Namun, meskipun secara garis besar film ini berhasil menarik perhatianku, dan--thanks God--tidak mengecewakan seperti film sebelumnya, tetap saja terasa ada yang kurang di sana. Terus terang, saya bisa menikmati film ini bukan karena kesan seram dan mencekamnya, tapi lebih karena alur cerita yang menarik itu tadi, juga karakter-karakter tokoh yang mengagumkan. Bukannya songong nih ya, hampir tak ada yang bikin aku benar-benar ketakutan, sementara penonton lainnya--yang terdengar hanya suara cewek--berkali-kali berteriak entah karena kaget oleh detuman musik yang tiba-tiba, atau karena menghindari kemunculan hantu di tengah-tengah film. Ini barangkali disebabkan oleh formula film horor Hollywood yang begitu-begitu saja sejak dulu. Permainan musik yang mengagetkan, dengan sesekali memunculkan sosok hantu yang kalau diperhatikan baik-baik, sebenarnya masih kurang seram dibanding hantu-hantu lokal di negeri kita--sampai sekarang, aku masih suka ketakutan sendiri membayangkan sosok hantu sundel bolong Suzanna setelah bertahun-tahun menontonnya.

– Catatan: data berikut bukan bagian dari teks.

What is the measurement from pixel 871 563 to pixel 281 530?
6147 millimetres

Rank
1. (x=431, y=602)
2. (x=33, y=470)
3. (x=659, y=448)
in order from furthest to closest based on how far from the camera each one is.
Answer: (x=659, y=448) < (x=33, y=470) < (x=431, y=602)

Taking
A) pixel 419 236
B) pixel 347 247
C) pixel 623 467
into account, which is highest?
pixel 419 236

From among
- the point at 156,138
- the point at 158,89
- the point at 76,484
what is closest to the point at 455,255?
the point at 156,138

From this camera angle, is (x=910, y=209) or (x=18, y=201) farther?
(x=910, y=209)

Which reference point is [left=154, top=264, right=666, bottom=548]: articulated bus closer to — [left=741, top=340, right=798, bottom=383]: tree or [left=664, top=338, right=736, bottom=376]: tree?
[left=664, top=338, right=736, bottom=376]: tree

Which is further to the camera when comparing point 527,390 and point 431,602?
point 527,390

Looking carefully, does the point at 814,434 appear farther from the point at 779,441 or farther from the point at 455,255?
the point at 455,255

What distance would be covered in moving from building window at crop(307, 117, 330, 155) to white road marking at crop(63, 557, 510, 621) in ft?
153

Tetapi, bukan berarti film ini gagal jadi film horor. Tidak begitu. Hanya masalah selera. Bagiku tidak terlalu seram, mungkin bagi kamu sudah bisa menyebabkan mimpi buruk, kan. Intinya, film ini bagus, bisa dinikmati, dan tidak mengecewakan. Namun, juga tidak sempurna sehingga harus mendapat rating 100%. Dan memang, sampai review ini saya tulis, rating film ini sudah merosot tajam di Rotten Tomatoes. Bisa dibuktikan di sini. Mengejutkan, tentunya.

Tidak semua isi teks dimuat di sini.